Thursday, March 31, 2011
Chewy or crunchy? This is a serious subject for debate-you wouldn't believe how fanatical people can get over oats baked in a ton of butter and sugar. Mine are somewhere in the middle-a bit of chew, but thin enough to require some work.
The beauty of flapjack is how durable it is-so durable in fact you need to cut it still warm in the pan or it will be impossible to get a knife through it. With a very busy weekend on the go, I figured the best carry-along treat to coax a tired child into another hour of searching the stacks of used books at the library sale would be flapjack. Amazing how tons of fat and sugar can bring a grumpy six year old around. Can't wait for his middle-aged complaining about how all we did as a family was go to used book sales, and how his mother would force feed him refined sugar to keep up stamina. I was forced into many a dull weekend with my parents, but no one was loading me up with sugar-it might have been more tolerable.
Fine, fine, I decided to bake flapjack. But which kind? Danny seemed so indifferent to it the last time I baked. A while back, I spotted THIS recipe and though, "Christ on a bike, that's a shitload of butter!" But my subsequent thought was, "I should try it." So I did. Let's call it Flapjack Number One.
Flapjack Number One (or, FNO because I'm the sort of person that would call it, "FNO") was thicker, extremely moist (well geez, it has a ton of butter in it-it ought to be) and used both whole oats and quick cooking. I thought it was interesting to use both, and I rather liked it, but it does tend to crumble more than flapjack made entirely of quick cooking oats. No matter, this is still quite good, but a bit too soft for my tastes. I did bake it longer than the recipe called for, and perhaps my oven is a bit off, or the oats I used absorbed differently. A few more minutes wouldn't have hurt. Still, fear not as I doubt very much it will go to waste.
Flapjack Number Two (FNT-because you need me to point that out in the event you hadn't already caught on from the previous paragraph) is thinner, made entirely of quick oats, and holds together better. It is firmer, crunchier, and the ratio of brown sugar/golden syrup seems to work better. The recipe I'm posting is for a small batch (because I already had a ton from FNO) but it doubles easily enough.
So which is it then? I really don't know.

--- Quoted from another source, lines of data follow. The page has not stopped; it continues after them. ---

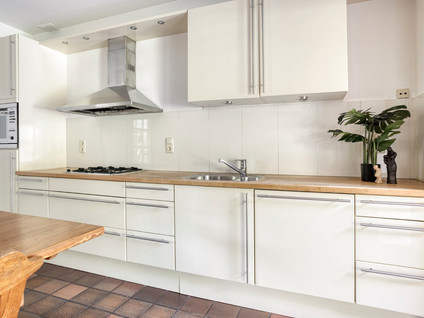 Albert van Cuijckstraat 59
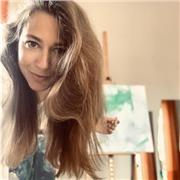 Conversazioni in inglese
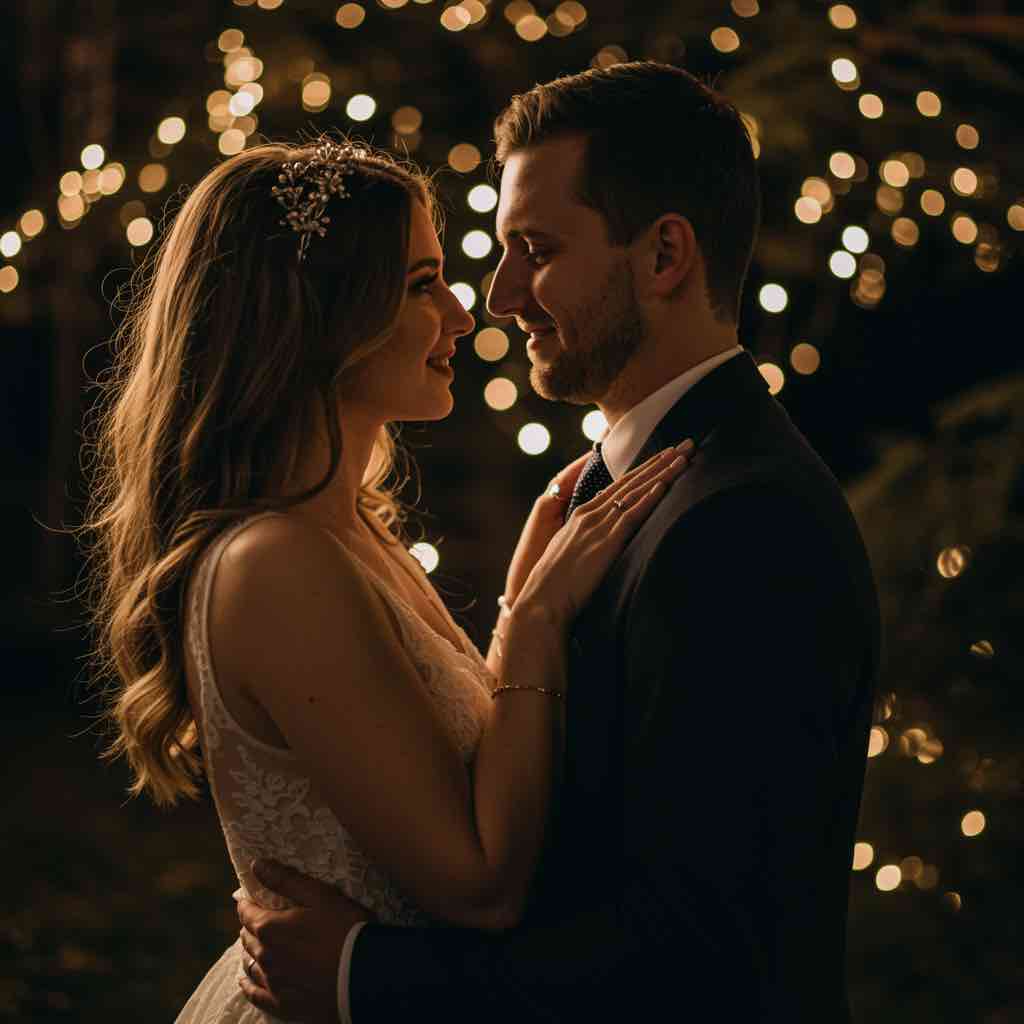 Ερωτικό Ωροσκόπιο 1 Ιανουαρίου 2026: Τα Μηνύματα της Καρδιάς και οι Αποκαλύψεις που Φέρνει το Νέο Έτος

Danny clearly preferred FNT, but he's young and has good teeth. If I were young, and in possession of good teeth, I think I'd prefer it as well, but the softer FNO has qualities I can appreciate in my declining years. I still think it is an ungodly amount of butter, but you could certainly eat worse things.
Here's the recipe for mine:
Preheat the oven to 375 degrees F. Generously butter an 8x8 square pan (or go larger if you prefer it thinner).
In a saucepan, melt 1/2 cup unsalted butter ( don't be like my mother, and substitute margarine-it won't make it any better for you)
1/2 cup brown sugar (I make my own with granulated sugar and molasses which gives it a richer taste)
1/4 cup Golden Syrup (don't you dare substitute with rice syrup)
A generous pinch of salt
2 1/3 cups quick oats
Heat the butter, brown sugar, syrup and salt in a pan until it melts. Pour over the oats and mix well. Pat into prepared pan, bake 20-30 minutes depending on how chewy/crunchy you like it, and cool a few minutes in the pan, on a rack. With a sharp knife, cut into squares. Let cool completely in the pan. I store mine in a tin with sheets of wax paper between the layers.